- _What you have to do_
Repeat exactly the lines below, from the line containing "TeraFlex TJ/LJ HD" through the last line, both included. Leave out any pictures.

- _Records provided_
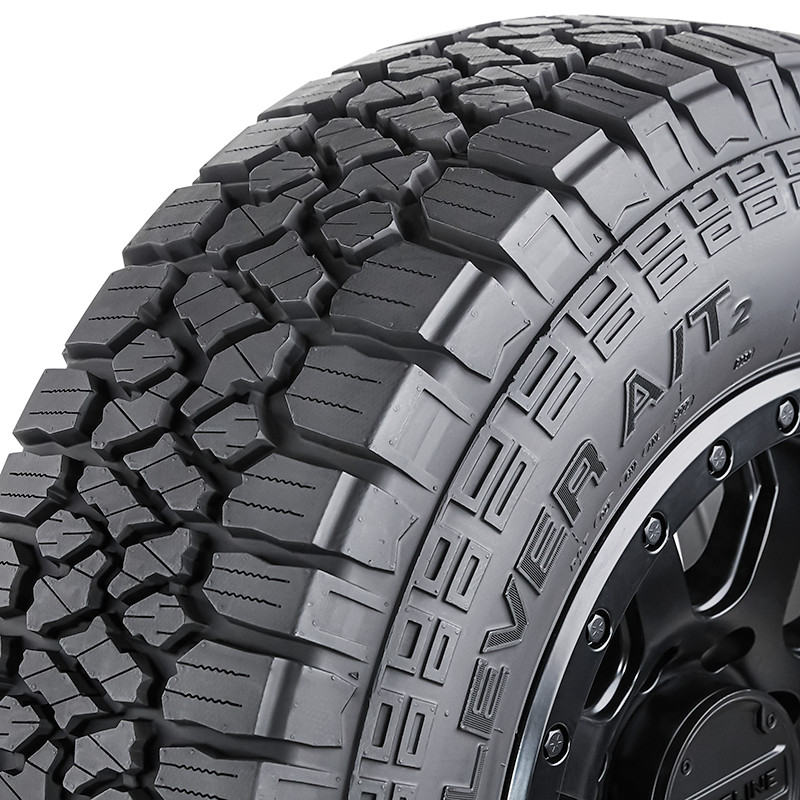 1 NEW 305/55R20 Kenda Klever AT2 10ply KR628 305 55 R20 ALL TERRAIN A/T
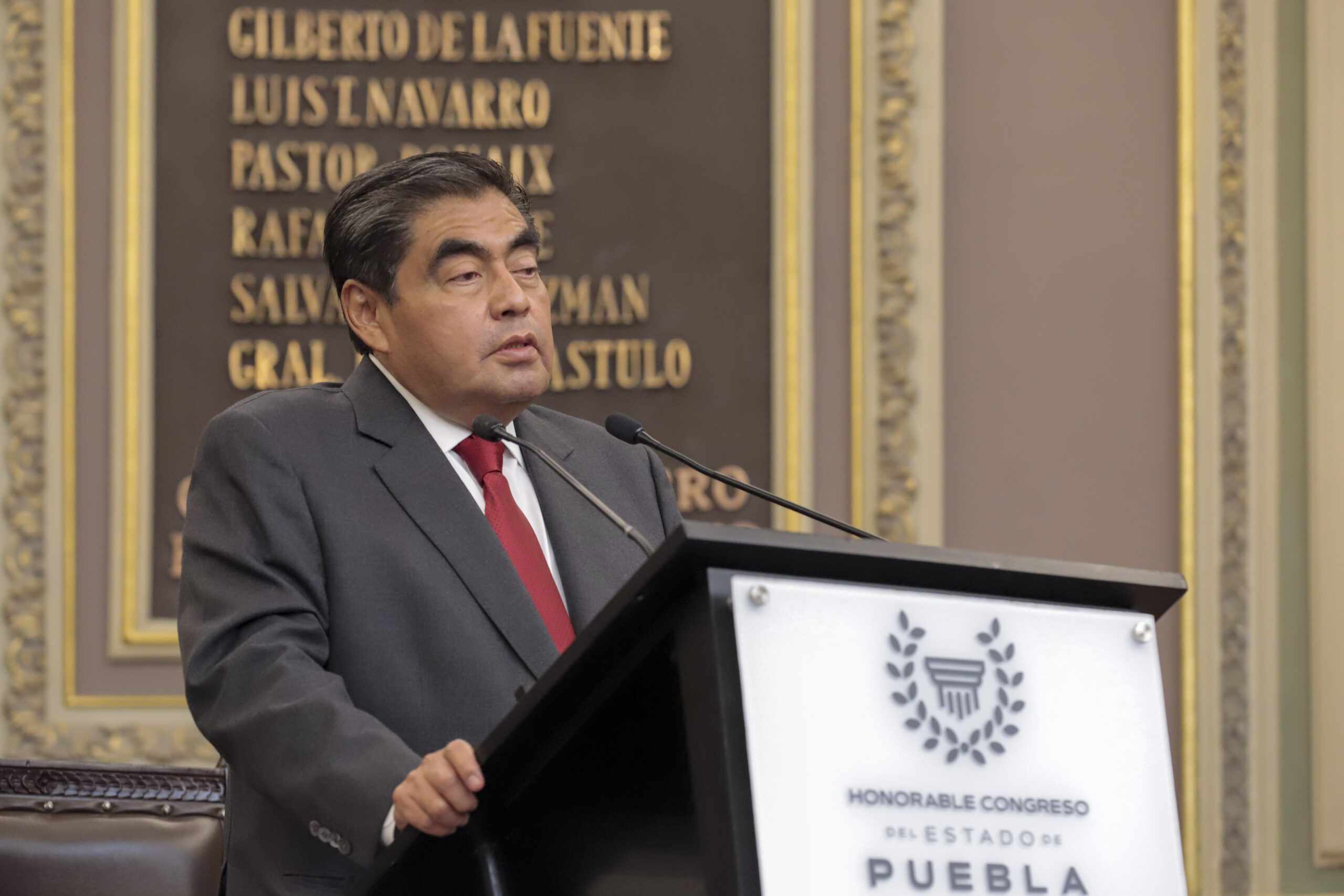 24 Horas Puebla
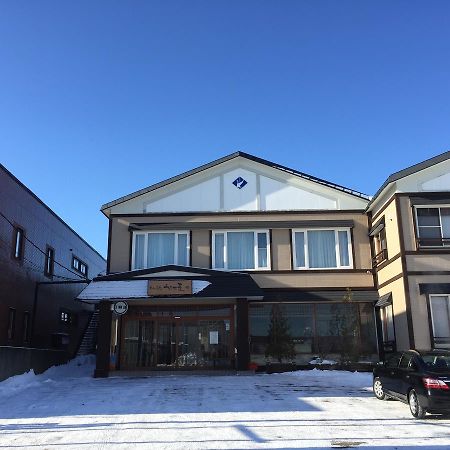 Notsuke Yumoto Utaseya Hotel Hokkaido Zewnętrze zdjęcie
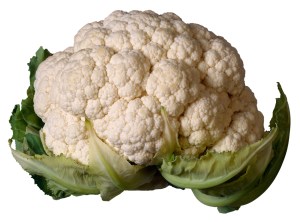 Cauliflower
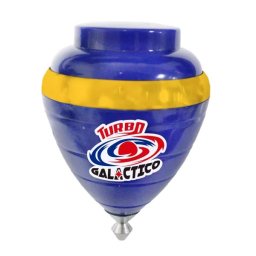 Peonza: Turbo Galactică (mai multe modele)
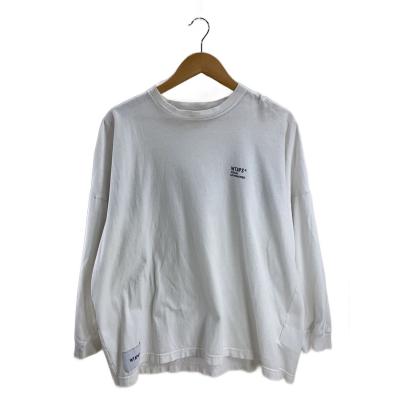 wtaps ロンt（色：ホワイト系）のおすすめ人気商品一覧 通販 - Yahoo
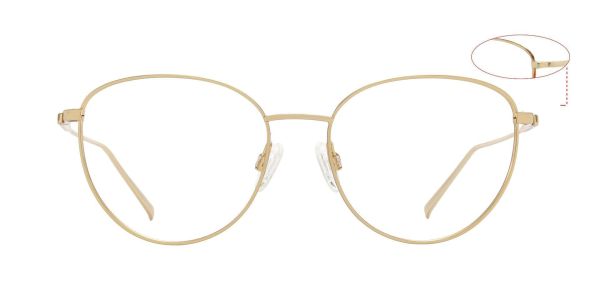 Marilyn Oval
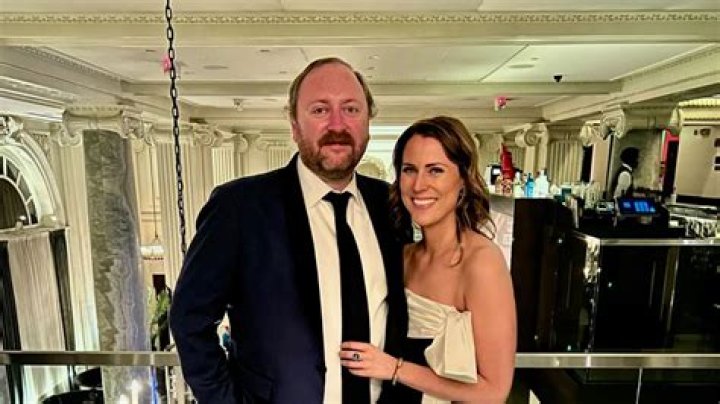 Erin Perrine Husband: An Inside Look at the Life of a Political Strategist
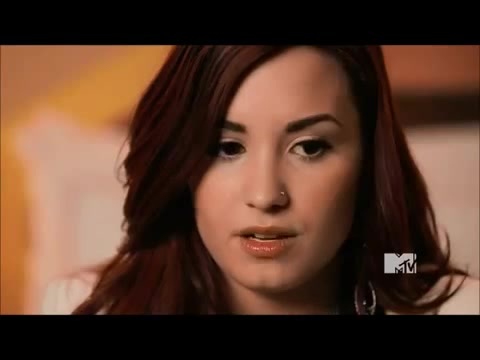 Demi Lovato - Stay Strong Premiere Documentary Full 13929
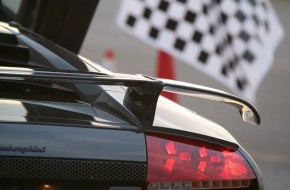 Edo Competition LP640 Versione Nardo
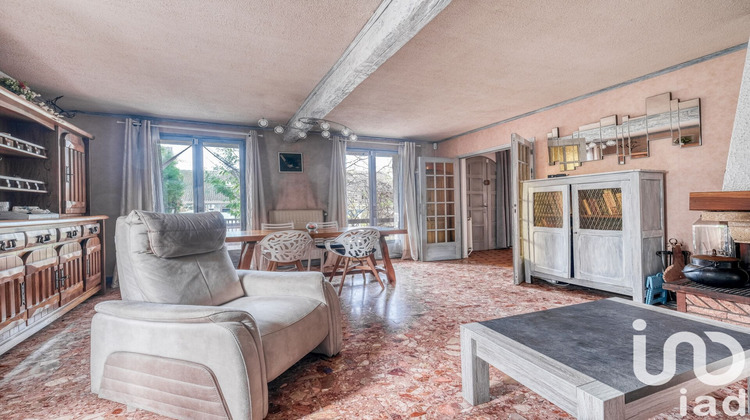 Ma-Cabane - Vente Maison Tremblay-en-France, 131 m²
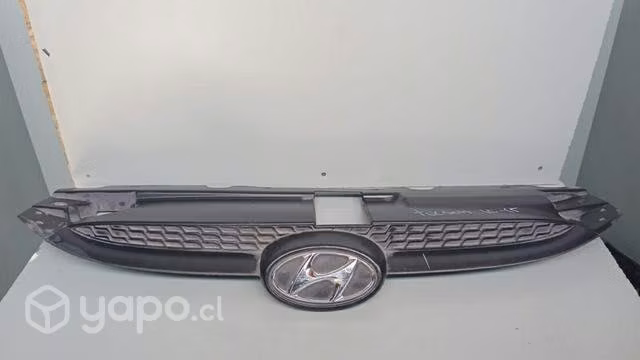 Mascara Hyundai tucson dmg repuestos 5.78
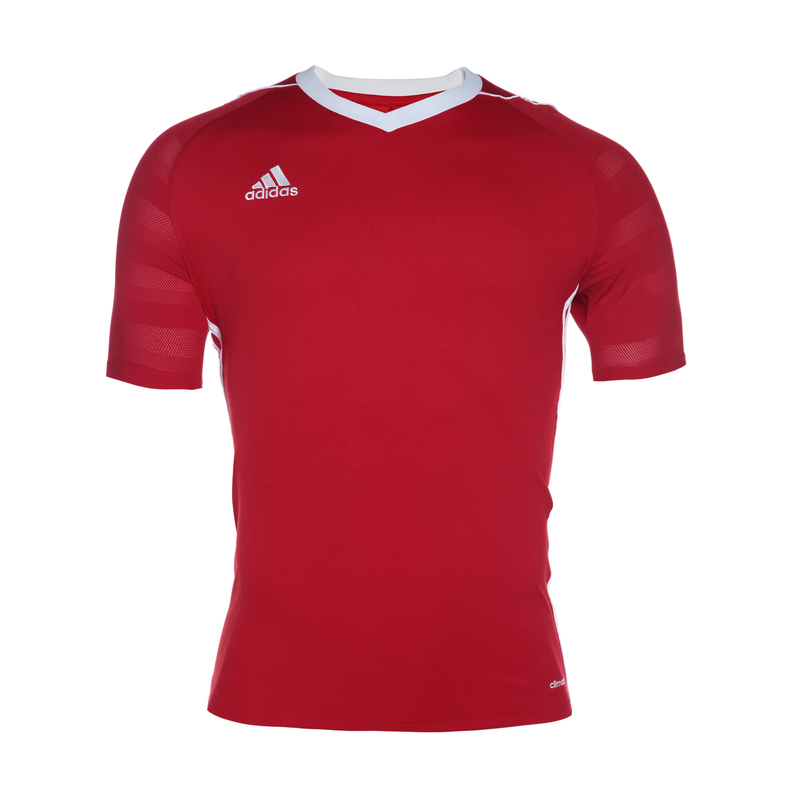 Футболка игровая Adidas Tiro 17 S99146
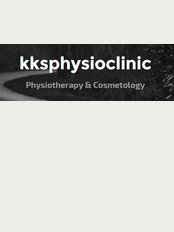 kks Physiotherapy & Cosmetology clinic - Rama Complex, Plot No. 553, Near Malaysian Town Ship Circle, KPHB 6th Phase Rd, hyderabad, telangana, 500072, 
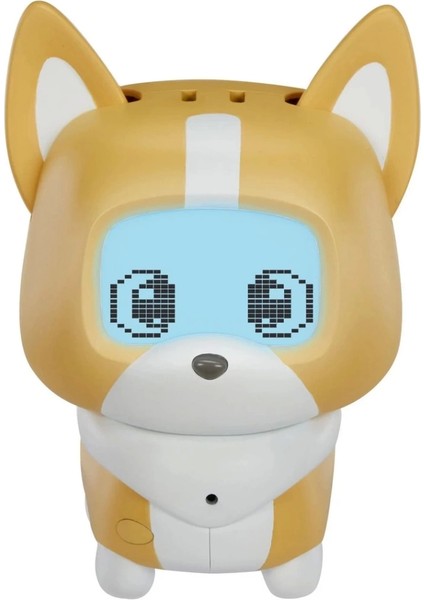 Bfs Pixel Petz Corgi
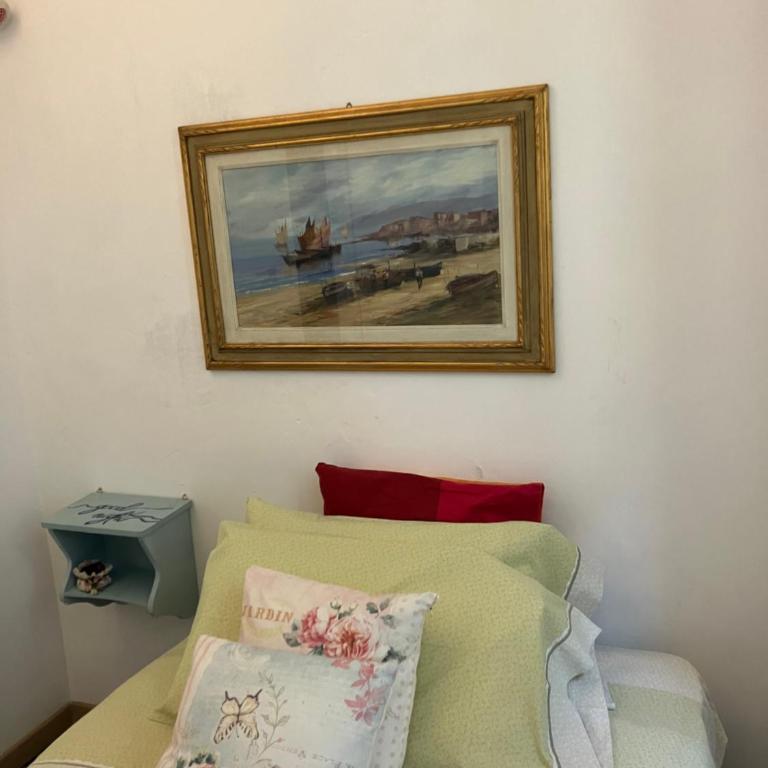 Romantic Chic Loä - Apartment mit 3 Schlafzimmern - 10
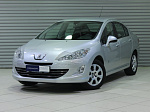 Peugeot 408 1,6 авт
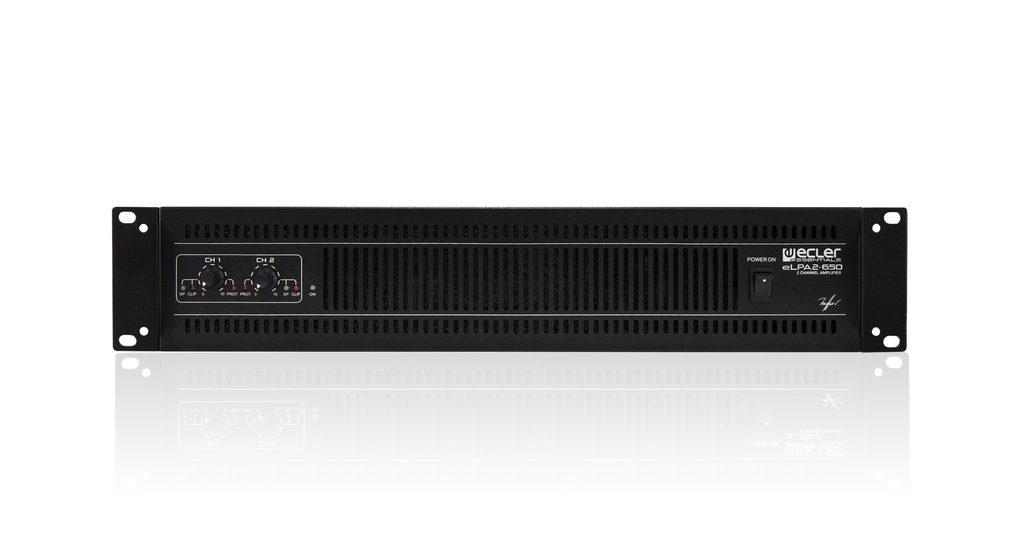 [ECL-CELPA2650] eLPA2-650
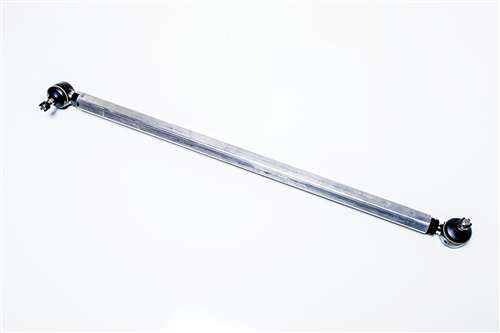 TeraFlex TJ/LJ HD High Steer Aluminum Drag Link Kit w/ Stock Taper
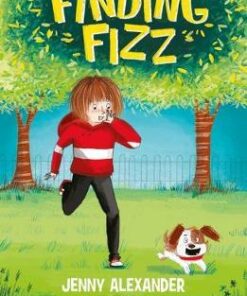 Finding Fizz: A Bloomsbury Reader - Jenny Alexander - 9781472967374
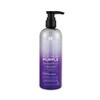 Martha Debayle Shampoo Platinum Purple 450ml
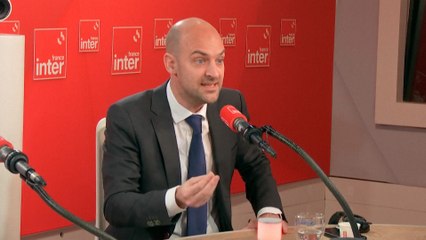 Guerre en Ukraine : « La menace ne cesse de se rapprocher de nous », alerte Jean-Noël Barrot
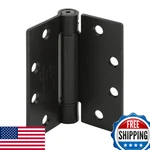Prime-line 115844COMMERCIAL Ul Adjustable Self-closing Spring Door Hinge. Fixed Price $104.44.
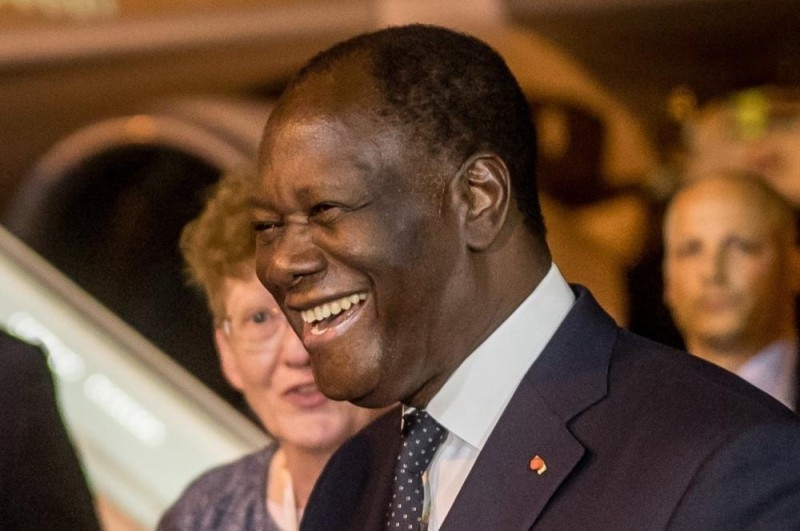 رئيس كوت ديفوار: دول غرب أفريقيا ستغير عملتها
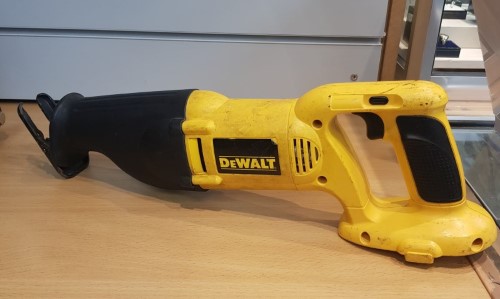 Dewalt Dw938 18V Reciprocating Saw 054400229478 Cash Converters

- _Solution for this problem_
 TeraFlex TJ/LJ HD High Steer Aluminum Drag Link Kit w/ Stock Taper
 Finding Fizz: A Bloomsbury Reader - Jenny Alexander - 9781472967374
 Martha Debayle Shampoo Platinum Purple 450ml
 Guerre en Ukraine : « La menace ne cesse de se rapprocher de nous », alerte Jean-Noël Barrot
Prime-line 115844COMMERCIAL Ul Adjustable Self-closing Spring Door Hinge. Fixed Price $104.44.
 رئيس كوت ديفوار: دول غرب أفريقيا ستغير عملتها
 Dewalt Dw938 18V Reciprocating Saw 054400229478 Cash Converters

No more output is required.